Mimaride cepheler, tasarlanan binadan bilgi alınmasına yardımcı olan en önemli elemanlardan birisidir. Bundan dolayı, cephelerin çok anlamlı ve dinamik bir yapısı olduğu söylenebilmektedir. “Bir mimari yapının anlamını, işaretler kompleksi oluşturur, yapıların göstergesi olan cepheler ise taşıdığı işaretler yoluyla çevreyle iletişim kurar. Bu nedenle cephe, biçimsel bir düzenlemeden öte, kentin kullanıcıları tarafından anlamlandırılan bir olgudur ve taşıdıkları anlamlar itibariyle bir kentin dilini

oluşturmaktadır” (Şenyiğit, 2010). Bazı kentlere gittiğimizde de sadece binaların cephelerine bakarak yorumlar yapabiliriz. Tarihi ve modern dokuların cepheye yansımış olması bizim o mekanlar hakkında ön düşünme ile değerlendirme yapmamıza neden olur. Binanın dış yüzü anlamındaki cephe çoğunlukla binanın ana yüzü olan girişi kapsar ve stilistik detaylarla ayrıntılanarak karakterize edilir (Burden, 2000).
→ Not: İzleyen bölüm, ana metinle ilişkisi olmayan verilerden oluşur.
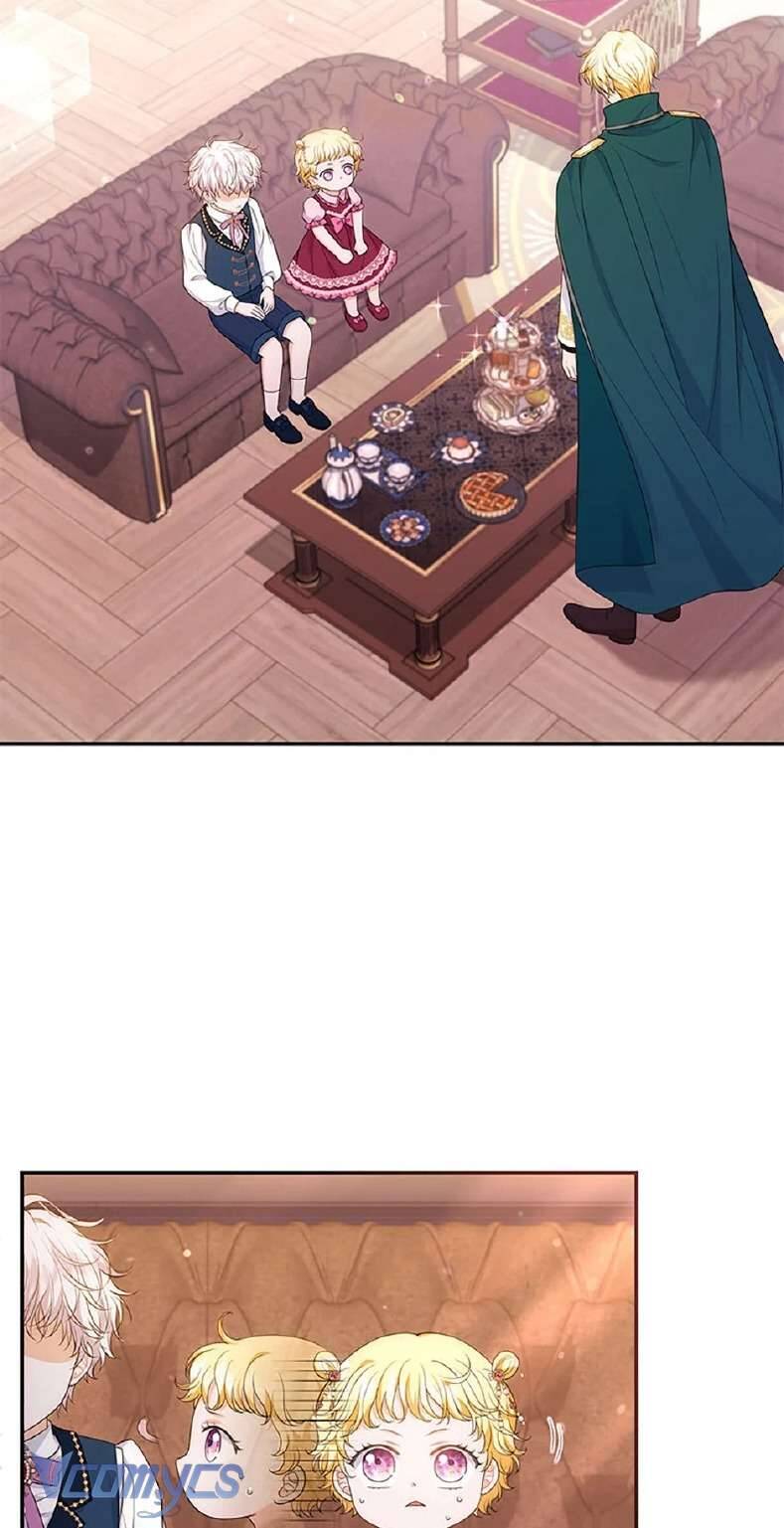Công Chúa Bé Con Hạng S Thật Mạnh: Chapter 23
Dolayısıyla cephe kendi başına binanın heykelsi parçası olarak kabul edilebilir (Krier, 1988). Hatta bazı mimarlar, cephenin daha önemli olduğu ve üzerinde daha çok düşünülmesi gerektiği görüşüne sahiptir.

Cepheler (yüzey elemanları) kentsel mekanın parçalarıdır ve bu parçaların birbiriyle ve bütünle ilişkileri tasarım ilkelerinin organizasyonu ile şekillenmektedir. Fakat cephe biçimsel bir kompozisyondan öte kent kullanıcıları tarafından anlamlandırılan bir olgudur (Şenyiğit, 2010). Cephelere anlam veren kullanıcılar, bu anlam doğrultusunda binayı akıllarına yerleştirir ve imgelerler.

Estetik açıdan doyurucu cephelerin oluşturulması gerekliliği önemli bir tasarım ölçütüdür (Şenyiğit, 2010). Her mimari tasarımda cephe düzenlemesine gelindiğinde estetik olmayan öğelere rastlanırsa tasarımın başına dönülerek planlar vb. değiştirilebilir. Burada asıl kıstas; cephe tasarımını yaparken hem işlevsel hem de beğeni kazanacak mimari elemanlar ve oranlar kullanmak olmalıdır.

Cephe sadece arkasındaki odaların organizasyonu tarafından belirlenmiş doğal gereklilikleri yerine getirmez, binanın inşa edildiği zamanın kültürel durumundan bahseder. Düzen ve düzenlemenin kriterlerini gösterir, ayrıca dekorasyon ve süslemenin türlü olasılıklarını ve yaratıcılıklarını verir (Krier, 1988). Nitekim cephe başlangıcından bugüne kadar her uygarlığın kişiliğini belirten bir tutumla ele alınmış ve işlenmiştir (Şenyiğit, 2010).

Asırlardır mimari mekanların oluşumunda; malzeme, renk, doku, yükseklik, genişlik gibi faktörler kültürden kültüre fark gösterdiği halde, oran hiçbir zaman cephe tasarımında göz ardı edilmemiştir.

3. SELÇUKLU DÖNEMİ MİMARLIĞI

Anadolu Selçuklu mimarisi, geliştirdiği mimari üslup ile Türk mimarisinin önemli dönemlerinden birini teşkil etmektedir. Dolayısıyla Türk sanatının gelişmesine de büyük katkıları olmuştur.

Anadolu Selçuklu mimarisi, Büyük Selçuklular’ın 1071 yılından sonra Anadolu’yu fethetmeleriyle başlayan ve İlhanlılar’ın Selçuklu yönetimine kesin olarak son verdiği 1308 yılına kadarki dönemde ortaya konan yapıları konu almaktadır (Karpuz, 2001).